**Work to complete:** Write out the lines of the material below exactly, beginning at the line with "Adding the optional" and stopping after the line with "But if you want", and leave out the pictures.

Segment Start: Data for review

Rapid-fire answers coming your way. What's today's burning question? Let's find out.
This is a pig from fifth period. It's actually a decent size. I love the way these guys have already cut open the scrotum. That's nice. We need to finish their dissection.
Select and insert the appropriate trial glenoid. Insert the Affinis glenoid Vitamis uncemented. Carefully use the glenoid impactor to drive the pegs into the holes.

Segment End: Data for review
Segment Start: Data for review

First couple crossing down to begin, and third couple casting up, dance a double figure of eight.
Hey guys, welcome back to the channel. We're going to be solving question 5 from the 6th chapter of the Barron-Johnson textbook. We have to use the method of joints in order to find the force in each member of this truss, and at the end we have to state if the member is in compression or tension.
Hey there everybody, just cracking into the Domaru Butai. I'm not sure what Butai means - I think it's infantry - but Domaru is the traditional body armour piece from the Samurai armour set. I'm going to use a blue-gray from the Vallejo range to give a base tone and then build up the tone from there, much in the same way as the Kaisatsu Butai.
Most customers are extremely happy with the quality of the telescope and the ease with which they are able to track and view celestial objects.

Segment End: Data for review
Segment Start: Data for review

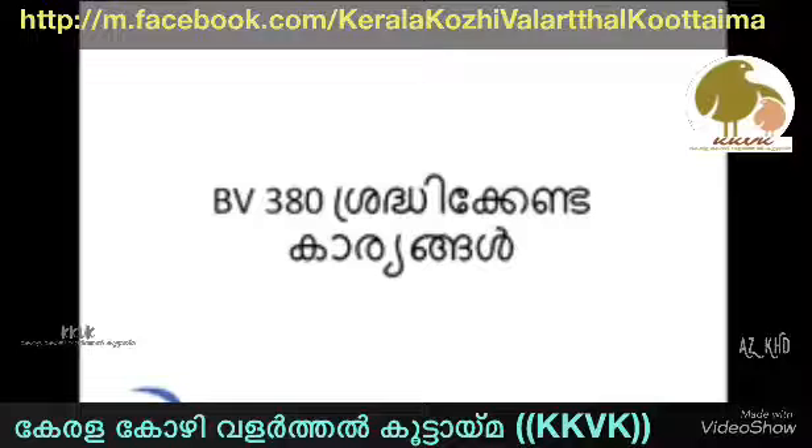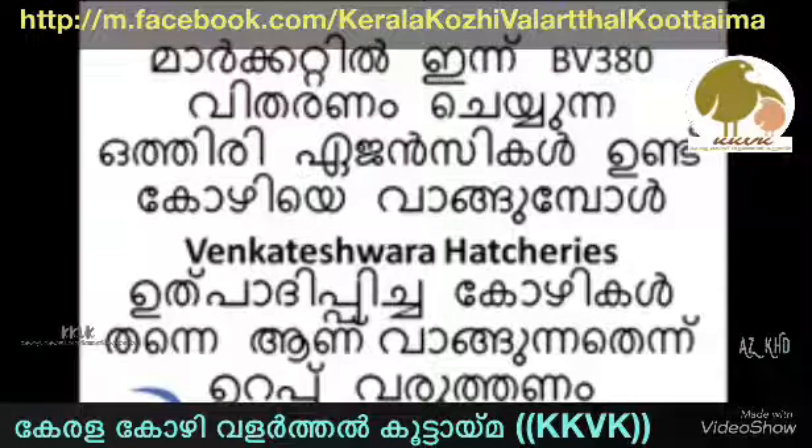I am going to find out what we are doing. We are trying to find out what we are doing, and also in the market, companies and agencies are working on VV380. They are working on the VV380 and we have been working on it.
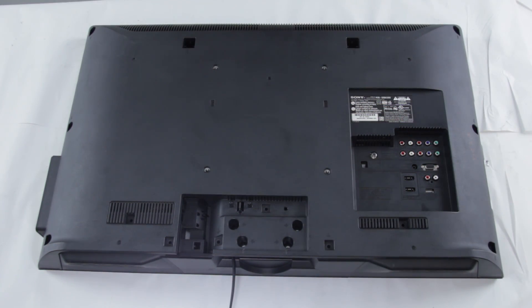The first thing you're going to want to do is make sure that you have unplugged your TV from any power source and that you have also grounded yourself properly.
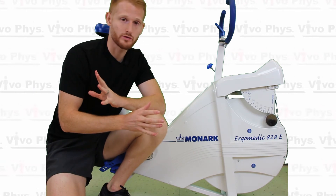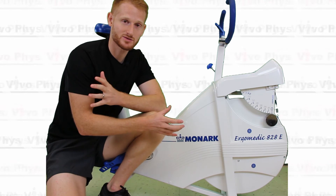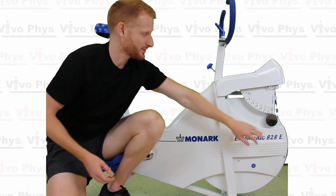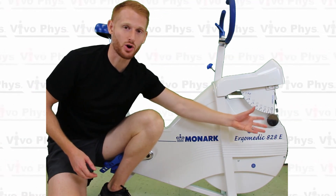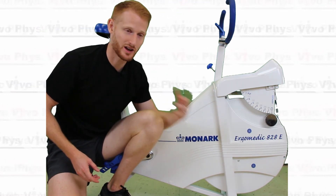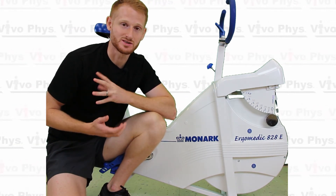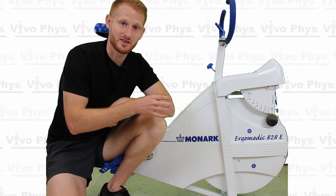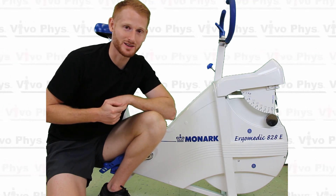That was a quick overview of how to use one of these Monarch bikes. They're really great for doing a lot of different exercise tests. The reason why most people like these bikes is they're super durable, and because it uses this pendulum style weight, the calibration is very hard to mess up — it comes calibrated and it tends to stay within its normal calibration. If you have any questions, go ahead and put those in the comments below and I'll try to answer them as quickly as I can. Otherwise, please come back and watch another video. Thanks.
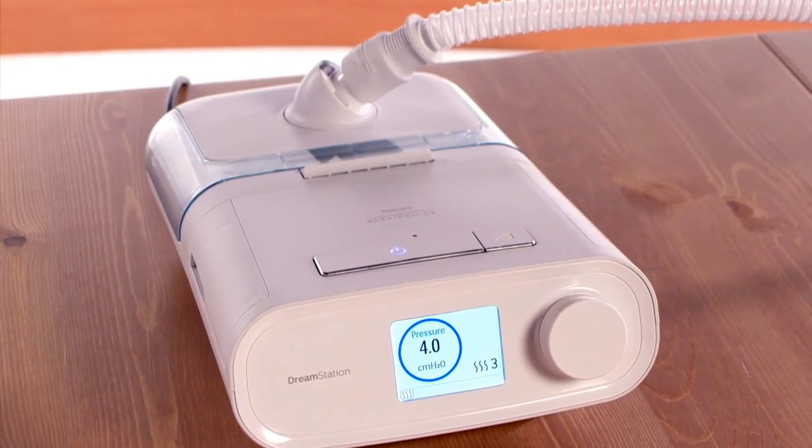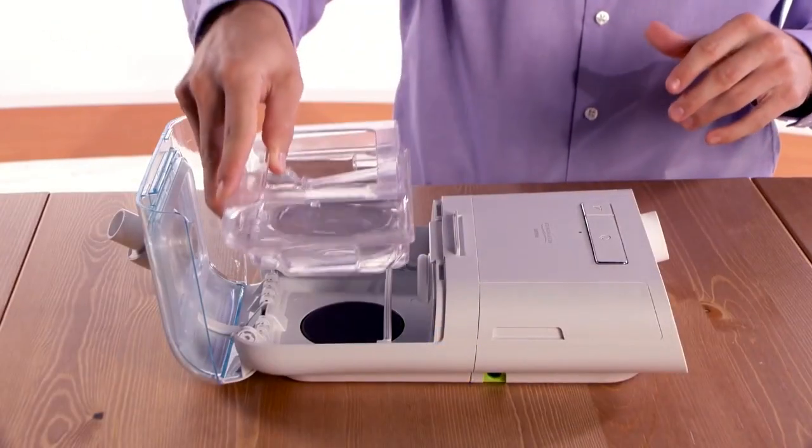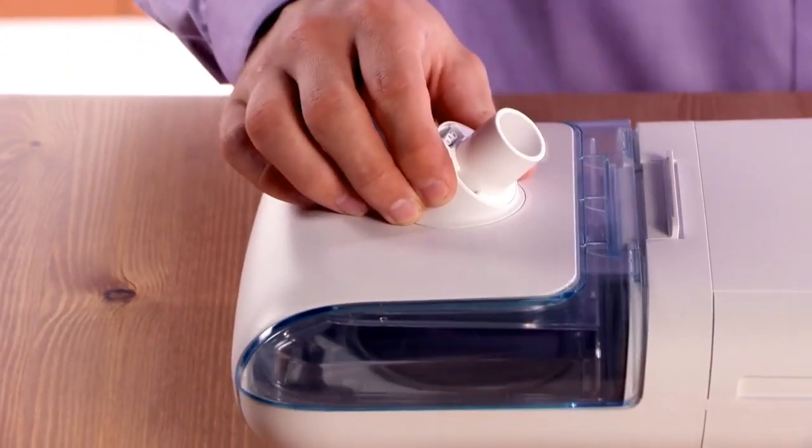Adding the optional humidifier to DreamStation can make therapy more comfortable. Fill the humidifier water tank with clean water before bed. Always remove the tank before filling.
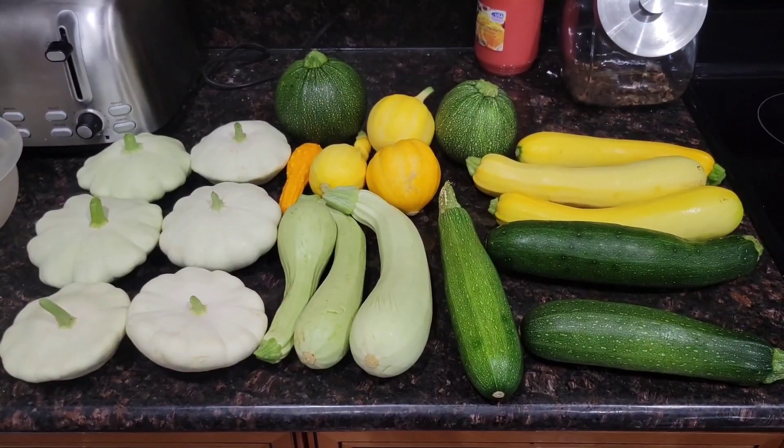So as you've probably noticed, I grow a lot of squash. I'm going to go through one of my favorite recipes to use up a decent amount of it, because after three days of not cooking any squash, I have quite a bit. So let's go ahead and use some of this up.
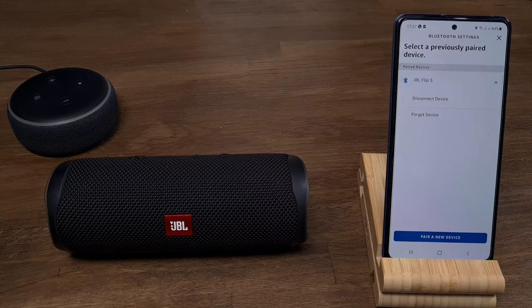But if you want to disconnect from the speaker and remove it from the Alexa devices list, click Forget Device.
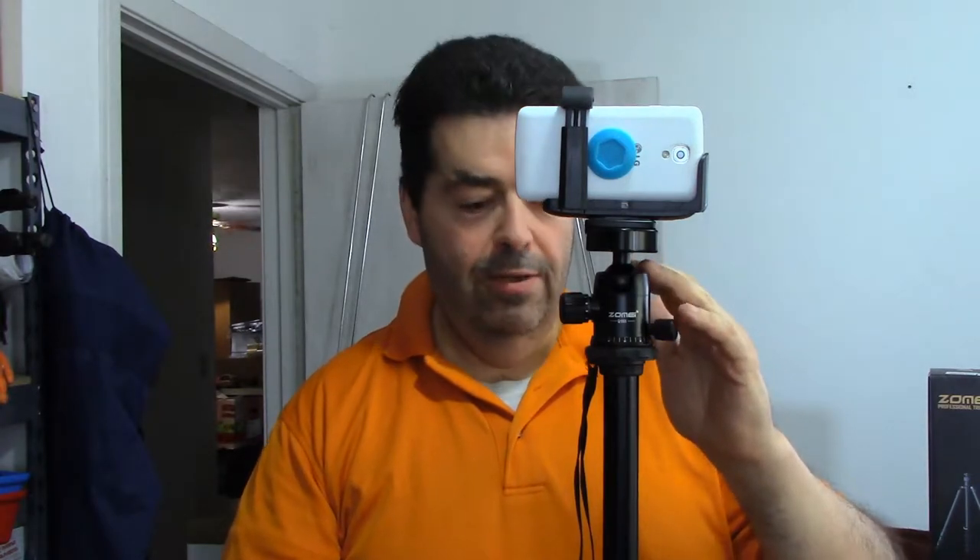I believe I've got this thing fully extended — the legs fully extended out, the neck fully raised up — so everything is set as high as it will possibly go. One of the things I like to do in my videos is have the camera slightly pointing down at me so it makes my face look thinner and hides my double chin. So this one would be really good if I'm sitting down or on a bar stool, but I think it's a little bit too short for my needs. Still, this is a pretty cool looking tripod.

Segment End: Data for review

**Answer section:**
Adding the optional humidifier to DreamStation can make therapy more comfortable. Fill the humidifier water tank with clean water before bed. Always remove the tank before filling.
So as you've probably noticed, I grow a lot of squash. I'm going to go through one of my favorite recipes to use up a decent amount of it, because after three days of not cooking any squash, I have quite a bit. So let's go ahead and use some of this up.
But if you want to disconnect from the speaker and remove it from the Alexa devices list, click Forget Device.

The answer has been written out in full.